Website: https://panoramablock.com
Contract Address: TBA
Decimals: 18.
Token Features
In designing the economic model for our PANBLK token, we drew on traditional financial principles and innovative cryptocurrency mechanisms. Our economic framework incorporates elements inspired by established economic models, providing a solid foundation for our digital currency:
We used the concept of a limited supply, similar to Bitcoin, to ensure scarcity and value preservation.
The logic behind our burning and minting mechanism is derived from the concept of quantitative easing and tightening in monetary policy for Fiat Currency.
We leverage the scarcity principal that dictate value enhancement through controlled supply, ensuring that PANBLK’s value is supported by its limited availability.
Employing a Proof of Stake mechanism for transaction validations, our approach mirrors Ethereum’s method, focusing on energy efficiency and stakeholder engagement.

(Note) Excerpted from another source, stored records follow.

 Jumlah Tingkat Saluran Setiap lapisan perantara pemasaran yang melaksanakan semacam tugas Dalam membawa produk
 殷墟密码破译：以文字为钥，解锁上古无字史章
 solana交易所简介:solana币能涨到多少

The tokenomics of PANBLK is thoughtfully designed to support and enhance the growth of our business ecosystem while offering significant utility and value to our users. Here's a summary of the key features that define the economic model of our token:
Appreciating Value: Our tokenomics are designed to stabilize PANBLK in circulation with an increase in demand, ensuring the token’s value is poised to grow. This is achieved through a combination of monthly token minting and burning, supporting a long-term deflationary strategy based on growth and performance.

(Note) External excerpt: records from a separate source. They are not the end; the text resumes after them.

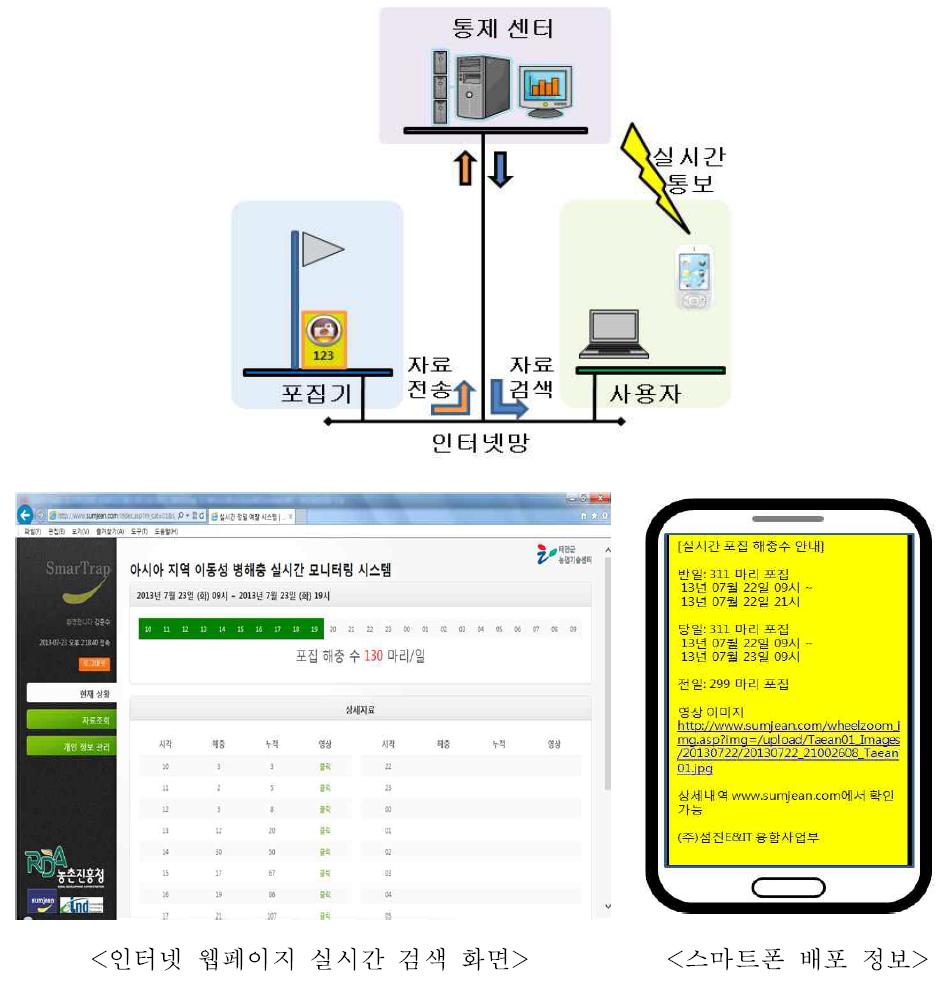 이동성 해충 실시간 모니터링 시스템 구축도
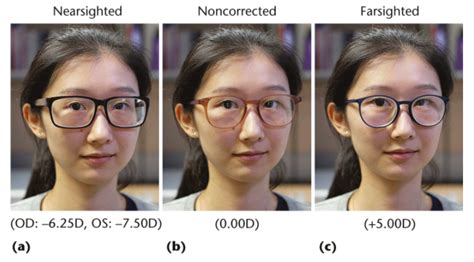 Nearsighted Farsighted: What Do They Actually Mean? SightMD, 55% OFF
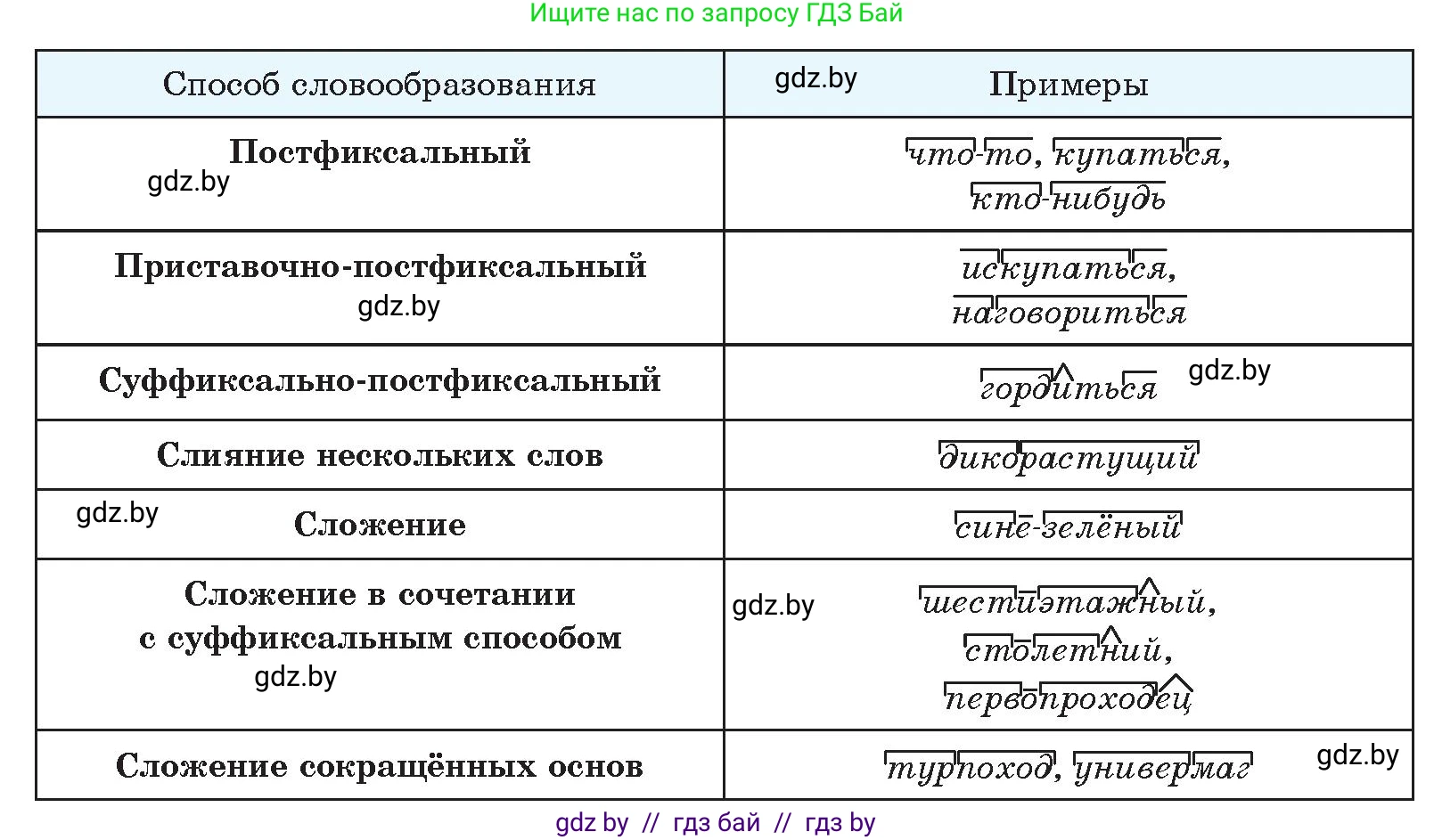 Русский язык, 10 класс Учебник, авторы: Леонович Валентина Леонидовна, Саникович Валентина Александровна, Литвинко Франя Михайловна, Волынец Татьяна Николаевна, Долбик Елена Евгеньевна, Малецкая М И, Мурина Лариса Александровна, Таяновская И В, издательство Национальный институт образования, Минск, 2020, страница 267, номер 480, Условие (продолжение 2)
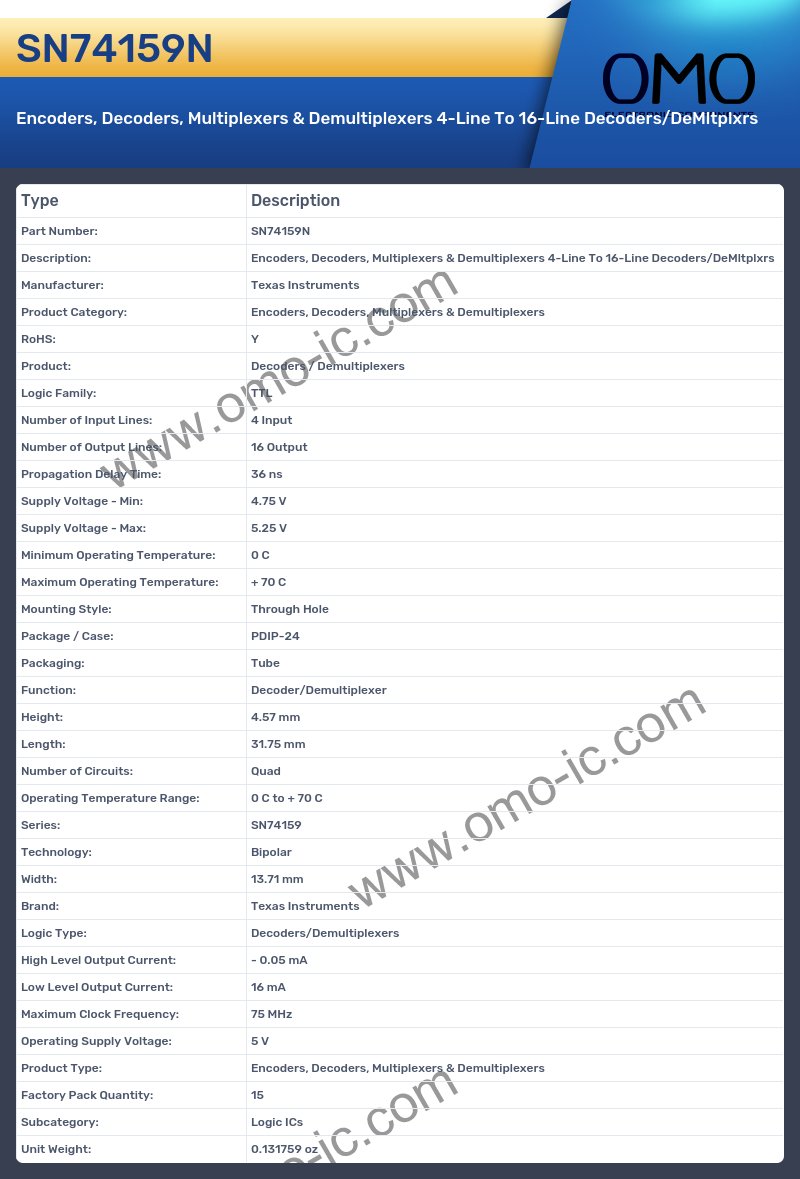 SN74159N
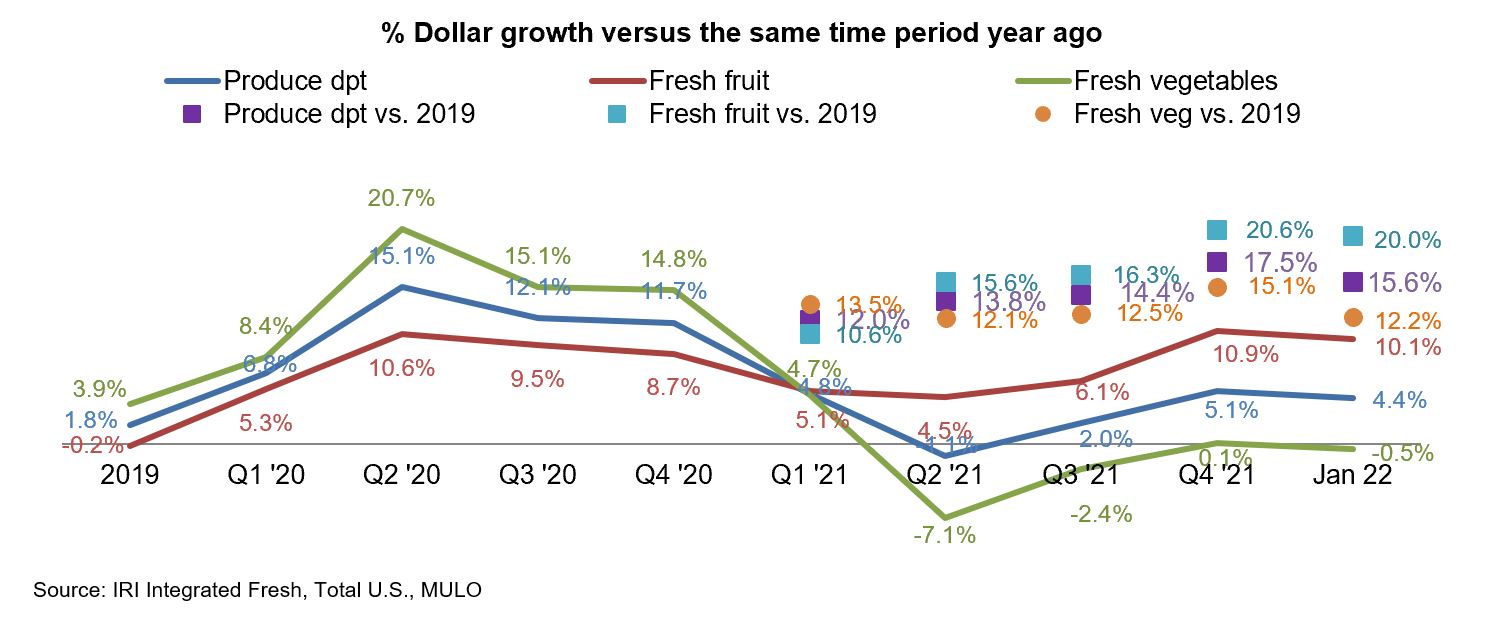 Line graph of percent dollar growth for produce dept., fresh fruit, and fresh vegetables from 2019 to 2022.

Minting and Burning Schedule: Tokens are minted and burned on a daily basis. This is because token burning and minting is based on demand from the previous and current period.
Intrinsically Driven Demand: Beyond staking mechanisms and APY generation, our tokenomics integrate deeply with the expansion of our platform. As more services become token-enabled, the natural demand for PANBLK tokens increases. This demand is further enhanced by financial incentives through APY and staking rewards, making our token an essential asset for engaging with and benefiting from our ecosystem.

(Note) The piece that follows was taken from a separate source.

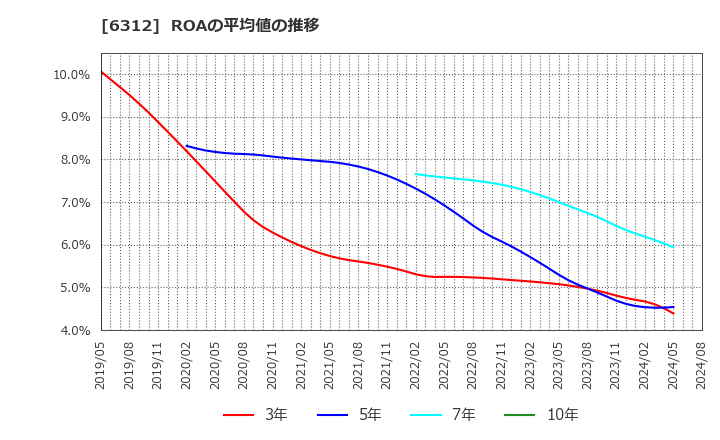 6312 フロイント産業(株): ROAの平均値の推移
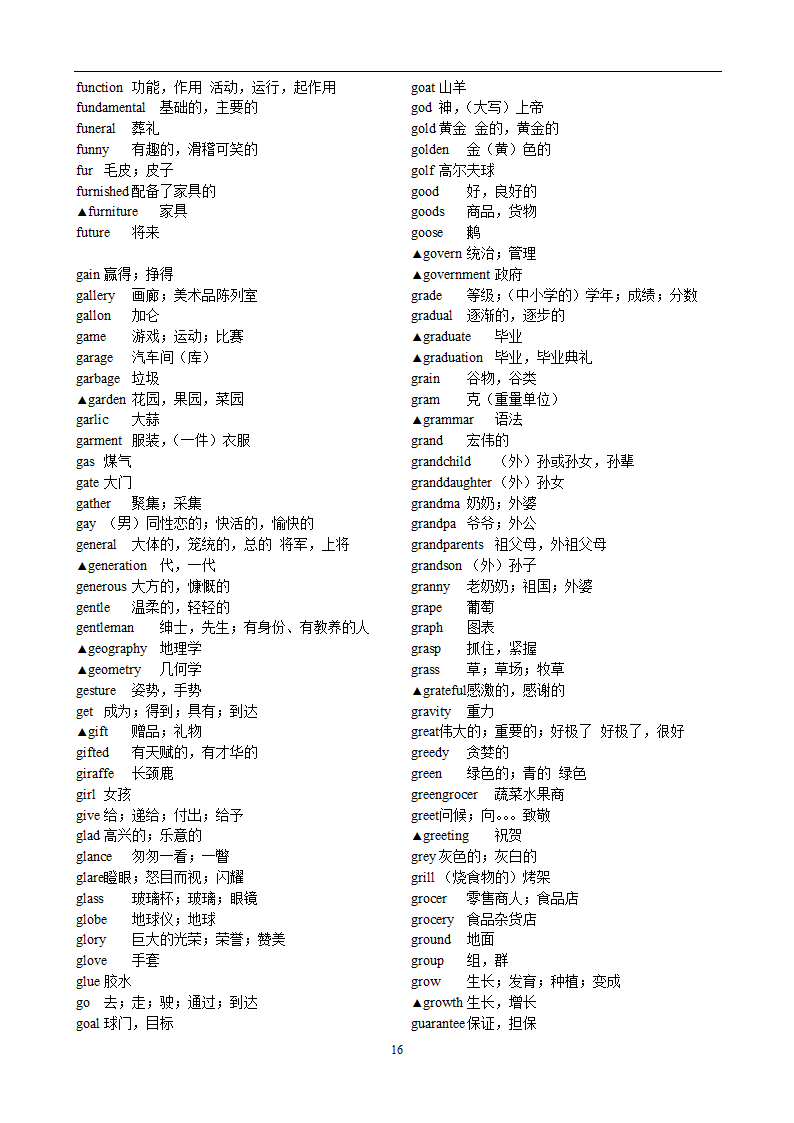 高考英语3500词汇第16页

Access Token: Designed primarily as an access token, PANBLK ensures that users can fully engage with our ecosystem’s diverse offerings.
Blockchain Agnostic: PANBLK operates across multiple blockchain platforms, maximizing accessibility and utility in the decentralized digital economy.
Supporting Future Development: A portion of the variable rate generated from strategy fees will be donated to institutions and NGOs. This initiative aims to support the education and professional development of young individuals aspiring to pursue a career in technology but facing barriers to access.
As illustrated in the chart, the circulating supply of PANBLK tokens has remained relatively stable over the course of 48 months. The slight fluctuations in supply can be attributed to periodic increases in token emissions tied to growth phases of our platform, countered by planned token burns that aim to mitigate inflationary pressures and enhance token scarcity, thus preserving the value for token holders.
PANBLK Token Circulating Supply, Minted and Burned Tokens
Dynamic Supply Adjustment Strategy
Our approach entails daily token minting alongside weekly token burning. This method ensures a balanced supply, maintaining token availability for platform access while adapting to shifts in market demand. By striking this balance, we aim to create a sustainable ecosystem where accessibility to our modules remains uninterrupted.
Our model is reactionary to shocks in demand and stabilizes itself through dynamic minting and burning mechanisms. Token burning for PANBLK hinges on increases in supply and demand. This maintains a stable supply in the face of an increasing demand. We stop burning tokens when our supply exceeds our initial target supply and proceed to burn tokens the next week if there is an increase in supply. Our strategy involves minting tokens daily and burning tokens on the last day of each 7-day cycle.
Demand and supply are naturally a function of previous demand and supply as well as the amount of tokens minted and burnt. Therefore we approach of maintaining a deflationary supply through creating dynamic minting and burning. The number of tokens minted is determined by the change in demand and the previous day's minted tokens, while the number of burned tokens is adjusted based on supply and demand conditions on the final day of the cycle.